Data shown »
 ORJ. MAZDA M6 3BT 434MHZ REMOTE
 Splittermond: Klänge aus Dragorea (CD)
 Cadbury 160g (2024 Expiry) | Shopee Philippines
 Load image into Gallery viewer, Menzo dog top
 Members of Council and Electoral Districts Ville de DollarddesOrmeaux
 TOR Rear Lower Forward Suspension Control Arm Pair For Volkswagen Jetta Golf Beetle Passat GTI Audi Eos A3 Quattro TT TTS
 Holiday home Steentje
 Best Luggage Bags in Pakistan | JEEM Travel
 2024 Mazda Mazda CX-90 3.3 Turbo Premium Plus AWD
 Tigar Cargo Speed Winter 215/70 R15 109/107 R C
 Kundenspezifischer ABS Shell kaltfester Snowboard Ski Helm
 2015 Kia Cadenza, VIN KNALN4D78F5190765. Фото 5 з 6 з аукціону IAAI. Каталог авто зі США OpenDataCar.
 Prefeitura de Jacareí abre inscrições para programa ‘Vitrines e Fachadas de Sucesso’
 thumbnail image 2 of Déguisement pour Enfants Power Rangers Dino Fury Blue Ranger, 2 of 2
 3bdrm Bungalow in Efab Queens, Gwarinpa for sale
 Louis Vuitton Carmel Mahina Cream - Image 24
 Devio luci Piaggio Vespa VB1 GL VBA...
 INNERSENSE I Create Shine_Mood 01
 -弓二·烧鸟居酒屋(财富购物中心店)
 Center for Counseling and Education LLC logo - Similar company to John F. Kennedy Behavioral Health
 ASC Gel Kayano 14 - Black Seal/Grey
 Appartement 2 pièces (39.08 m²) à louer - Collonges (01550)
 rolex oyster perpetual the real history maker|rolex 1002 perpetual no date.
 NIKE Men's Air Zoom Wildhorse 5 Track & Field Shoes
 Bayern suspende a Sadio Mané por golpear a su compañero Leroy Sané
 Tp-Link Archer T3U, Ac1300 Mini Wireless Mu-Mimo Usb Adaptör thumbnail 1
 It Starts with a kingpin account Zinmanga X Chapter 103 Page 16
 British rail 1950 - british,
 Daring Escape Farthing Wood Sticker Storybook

Your instructions » Reproduce the lines of the records exactly, from the first one through the line that contains "2024 Mazda Mazda".

Reply to the exercise »
 ORJ. MAZDA M6 3BT 434MHZ REMOTE
 Splittermond: Klänge aus Dragorea (CD)
 Cadbury 160g (2024 Expiry) | Shopee Philippines
 Load image into Gallery viewer, Menzo dog top
 Members of Council and Electoral Districts Ville de DollarddesOrmeaux
 TOR Rear Lower Forward Suspension Control Arm Pair For Volkswagen Jetta Golf Beetle Passat GTI Audi Eos A3 Quattro TT TTS
 Holiday home Steentje
 Best Luggage Bags in Pakistan | JEEM Travel
 2024 Mazda Mazda CX-90 3.3 Turbo Premium Plus AWD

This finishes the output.